Tesla registers new high-res radar. Could Tesla be changing its position on radar and LiDAR?

By Gabe Rodriguez Morrison
A Tesla vehicle equipped with LiDAR sensors
A Tesla vehicle equipped with LiDAR sensors
@ManuelRToronto/Twitter

Tesla registered a new high resolution radar unit with the U.S. Federal Communications Commission (FCC). Tesla's intended use for these radar units is unknown, but it appears they are intended for imaging, similar to how LiDAR uses lasers to map surroundings.

While Tesla's FSD software has used radar in the past, Elon Musk has a rather unfavorable stance on LiDAR. For the purposes of autonomous driving, Musk sees LiDARs as a "fool's errand." Yet, people have been spotting Tesla prototypes with LiDAR sensors since last year.

Tesla files a patent for a high-res radar sensor
Tesla files a patent for a high-res radar sensor

The latest instance of Tesla using LiDAR comes from Twitter user @ManuelRToronto who spotted a LiDAR-mounted Tesla in downtown Toronto, only a few weeks after the release of FSD Beta in Canada.

He took a video of the LiDAR-mounted Model Y with manufacturer license plates from California.

There has been no official announcement from Tesla about these LiDAR-mounted vehicles, but it is safe to assume that Tesla will not use LiDAR on any production vehicles.

Tesla is likely using LiDAR to help train their machine learning algorithms, using it as the ground truth when checking for accuracy. Unlike cameras, LiDAR captures extremely accurate 3D depth measurements.

LiDAR could be used to train these algorithms to accurately interpret depth by relying on precise, non-interpretive LiDAR sensors.

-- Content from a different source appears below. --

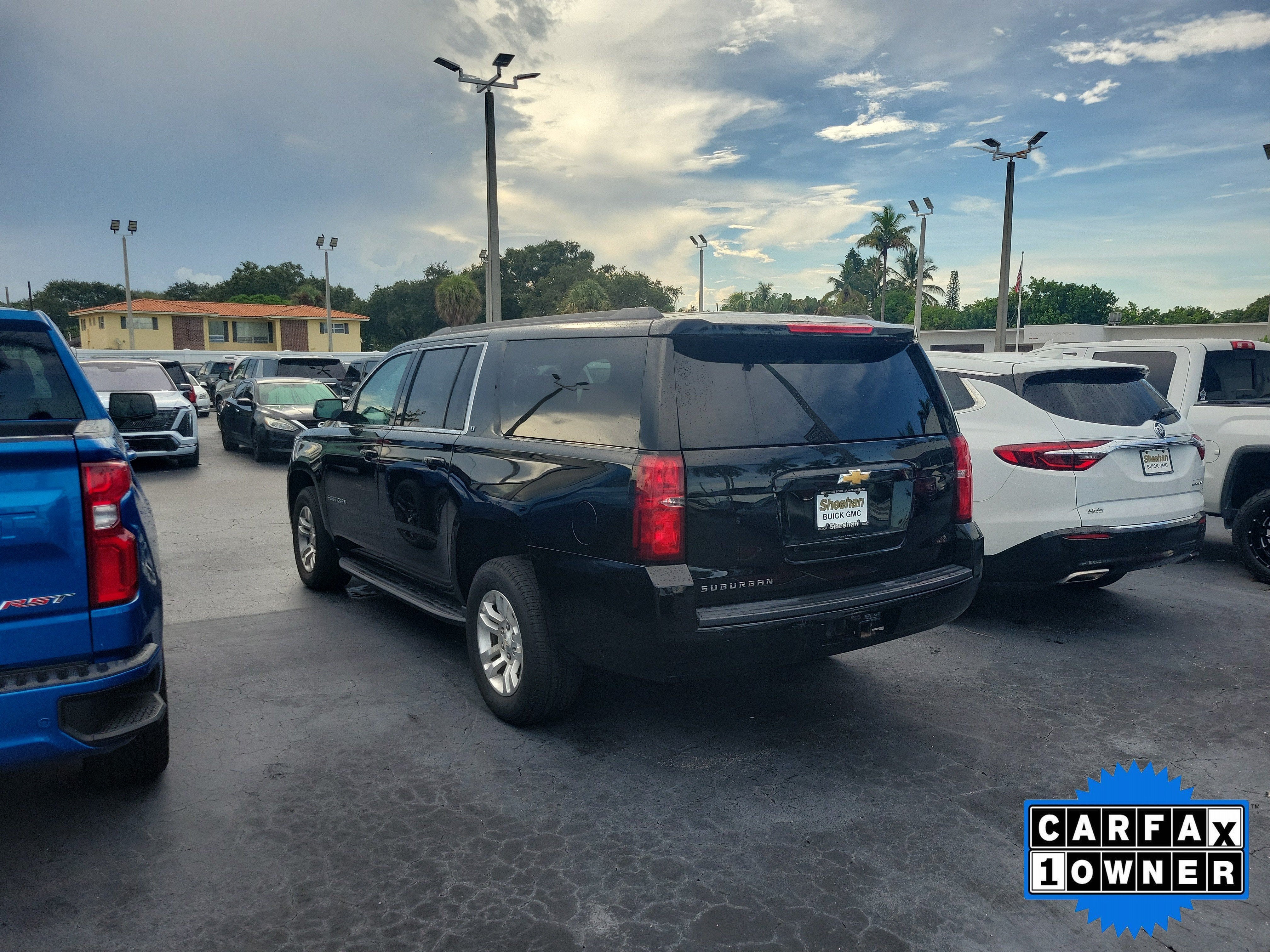 2018 Chevrolet Suburban LT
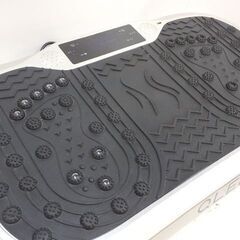 ★ 新札幌 QLEE LMS-S012 振動マシン ブルブルマシン 脂肪燃焼 ダイエット / No.2780 ★の画像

Cameras are limited to 2D data combined with computer vision algorithms to interpret 3D depth. The downside to this approach is that it requires a computational process versus having precise 3D depth measurement from a LiDAR sensor.

However, LiDAR sensors are expensive; the benefit of relying solely on cameras is that it makes Teslas much more affordable.

LiDAR can't be the only sensor used in a vehicle since it can only build a wireframe 3D environment. Without cameras it wouldn't be able to read traffic signs, traffic lights or anything that doesn't have depth.

Vehicles with LiDAR also rely on camera data and fuse the two outputs of the two sensors together to build a virtual representation of the real world.

Musk believes that self-driving cars should navigate the world in the same manner as human drivers. Since humans use their eyes and brain to navigate three-dimensional space, cars with cameras and enough computational power should be able to achieve the same thing.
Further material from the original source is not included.